The state’s department of health told CNN it hopes to work with additional clinics and health care providers to offer urine mercury screening as well as educate both health providers and the public — particularly focusing on clinics who serve women who may be most at risk of exposure.
Many shop owners also unaware
Earlier this year, the city of Minneapolis ran a skin lightening education program working with East African communities at a popular community hub in the city of Minneapolis, the Karmel Mall as well as other malls in the area. The aim was to inform people, including shop owners and customers, about the risks of mercury found in many skin whitening and other beauty products as well as to test the wide range of items sold across the malls to help identify the products posing the most risk, and their countries of origin.
The team spoke with more than 200 vendors and customers and disposed of around 900 products containing high levels of mercury — many of which were manufactured in Pakistan — over the three months that the program ran, said Fatou Barry, program assistant on the project, who visited the mall almost daily during this time.
Barry said most vendors had no awareness of the products containing harmful ingredients like mercury and were “shocked” when they realized the risk to their community. Many others, however, closed their stores when they learned city officials were visiting, Barry said.

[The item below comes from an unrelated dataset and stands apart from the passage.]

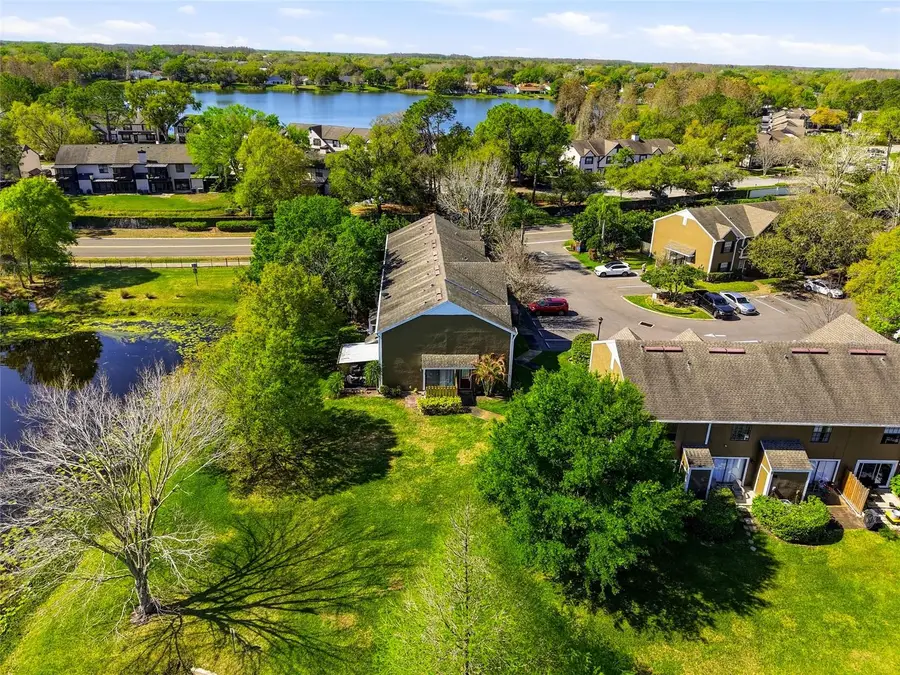 16511 Lake Brigadoon Circle, Tampa, FL 33618 - #3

In a reflection paper describing the strategy and impact of her team’s efforts, Barry wrote that the biggest taken away from the whole experience was how important it was to keep showing up and engaging with the community. “Passively sending or posting flyers wasn’t nearly as effective as coming in and going [from] vendor to vendor,” she wrote.
A need for better enforcement
To tackle the issue across affected communities, Nelson from the biomonitoring team believes a multi-pronged approach is essential. “The urine testing, the product testing and getting products off shelves. The community outreach and engagement,” she outlined. “They all need different voices at the table about how to do that best and most effectively.”
In addition to these approaches, Adawe stressed the need for better enforcement of regulations. “The products are widely available in ethnic malls like Karmel and the state has not actively regulated these products,” she said. “I visited [a few months ago] to check if the products we tested that contained mercury are still available…and saw all the mercury containing skin-lightening products displayed on the shelves.”
The MPCA is responsible for enforcing regulations on these products in the state, and issuing penalties. In response to Adawe’s concerns, a spokesperson for the agency told CNN that the MPCA “prioritizes education and outreach efforts to help vendors identify and remove products from shelves and will take enforcement actions when appropriate.”
They added that “skin-lightening creams present a unique challenge because their labeling doesn’t often list mercury as an ingredient and each product must be tested to determine if mercury is present above the regulatory limit.”
To further increase knowledge among affected communities, MDH has an awareness and education grant of up to $200,000 to fund various community organizations, NGOs and city health departments working in this space, including Adawe’s.
“Through Beautywell we do training for health care providers and public health workers to understand about colorism, skin-lightening practice and ways they can identify the health impact of this practice,” explained Adawe. “The use of skin-lightening products in the Somali community is high and so we need to continue do health education in this community and teach women to embrace their skin color.”